Required Sections (5 of 6)
  • System Identity and Purpose
  • Performance Metrics and Evaluation
  • Ethical Considerations and Bias Testing
  • Limitations and Known Failure Modes
  • Human Oversight and Escalation
  • Training Data (recommended if available)
Additional Requirements
  • Fairness testing across protected groups
  • Escalation path documented
  • Performance thresholds defined
  • Data provenance (if you built the model)
  • Third-party vendor documentation request
Review CadenceSemi-annual + triggered on significant changes
External AuditRecommended annually
EU AI Act Art. 9 NIST MAP 1.1, MEASURE 2.11 ISO 42001 Cl. 6.1, 7.5
Tier 3

Standard-Plus: Model Card with Privacy Focus

This system influences decisions about people without direct harm potential, but the people-impact means privacy, fairness, and transparency documentation is essential. Reputational and trust risks drive the documentation scope.
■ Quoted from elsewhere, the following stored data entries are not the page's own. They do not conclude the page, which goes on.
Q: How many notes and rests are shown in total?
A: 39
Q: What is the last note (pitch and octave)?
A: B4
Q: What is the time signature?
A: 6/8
Required Sections (5 of 6)
  • System Identity and Purpose
  • Performance Metrics and Evaluation
  • Ethical Considerations and Bias Testing
  • Limitations and Known Failure Modes
  • Human Oversight and Escalation
  • Training Data (if applicable)
Additional Requirements
  • Data provenance and PII handling documented
  • Consent and opt-out mechanisms described
  • Fairness testing for affected populations
  • Privacy impact assessment reference
Review CadenceSemi-annual
External AuditRecommended for high-visibility systems
NIST MAP 1.1, MAP 2.1 ISO 42001 Cl. 7.5, 8.4
Tier 4

Standard: Recommended Documentation

This system benefits from model card documentation even without strict regulatory requirements. Documentation builds customer trust, speeds incident response, and prepares you for regulatory changes that are coming.
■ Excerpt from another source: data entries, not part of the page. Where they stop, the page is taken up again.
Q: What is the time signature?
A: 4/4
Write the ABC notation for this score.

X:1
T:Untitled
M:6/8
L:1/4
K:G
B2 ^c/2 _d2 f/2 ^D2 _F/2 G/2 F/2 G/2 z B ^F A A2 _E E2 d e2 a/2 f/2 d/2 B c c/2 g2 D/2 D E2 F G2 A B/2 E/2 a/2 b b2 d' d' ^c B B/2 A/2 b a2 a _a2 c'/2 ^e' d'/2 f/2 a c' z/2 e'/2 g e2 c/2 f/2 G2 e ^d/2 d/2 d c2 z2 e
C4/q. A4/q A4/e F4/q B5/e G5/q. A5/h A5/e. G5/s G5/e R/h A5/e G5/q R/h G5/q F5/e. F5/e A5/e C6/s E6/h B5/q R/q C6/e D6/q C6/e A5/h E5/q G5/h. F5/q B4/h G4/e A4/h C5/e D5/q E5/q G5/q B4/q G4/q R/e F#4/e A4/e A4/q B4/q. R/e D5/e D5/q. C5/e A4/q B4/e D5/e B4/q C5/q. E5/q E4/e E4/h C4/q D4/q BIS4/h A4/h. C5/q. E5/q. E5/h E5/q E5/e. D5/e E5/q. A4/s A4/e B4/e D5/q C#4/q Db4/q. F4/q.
Required Sections (4 of 6)
  • System Identity and Purpose
  • Performance Metrics and Evaluation
  • Limitations and Known Failure Modes
  • Human Oversight (owner + escalation)
  • Ethical Considerations (recommended)
  • Training Data (if available)
Recommended Actions
  • Named system owner documented
  • Performance baselines established
  • Customer-facing transparency statement
  • Vendor documentation on file
Review CadenceAnnual + major version changes
External AuditNot required
NIST MAP 1.1 ISO 42001 Cl. 7.5, 8.1
Tier 5

Lightweight: Basic Internal Documentation

Internal-only tools with no direct people impact or sensitive data access still benefit from basic documentation. The effort is minimal and prevents knowledge loss when team members leave or systems change hands.

Required Sections (3 of 6)
  • System Identity and Purpose
  • Limitations and Known Failure Modes
  • Ownership (who maintains this)
  • Performance Metrics (if measured)
  • Other sections as needed
Recommended Actions
  • Named owner in your AI inventory
  • Known limitations written down
  • Integration points documented
Review CadenceAnnual review
External AuditNot required
ISO 42001 Cl. 7.5

All Documentation Tiers at a Glance

Tier Sections Review Cadence Bias Audit External Audit Framework Scope
Critical 6 of 6 Quarterly + triggered Required Annual EU AI Act + NIST + ISO
High 5 of 6 Semi-annual + triggered Required Recommended EU AI Act + NIST + ISO
Std-Plus 5 of 6 Semi-annual Required Recommended NIST + ISO
Standard 4 of 6 Annual + major changes Optional Not required NIST + ISO
Lightweight 3 of 6 Annual Optional Not required ISO

Tier defensibility: These classifications are based on EU AI Act Annex III, NIST AI RMF risk guidance, and ISO 42001 Cl. 6.1 requirements. If your AI Governance Committee determines a different tier is appropriate based on organizational context, document your reasoning as a formal risk acceptance record. The decision tree provides a starting point, not a final legal determination.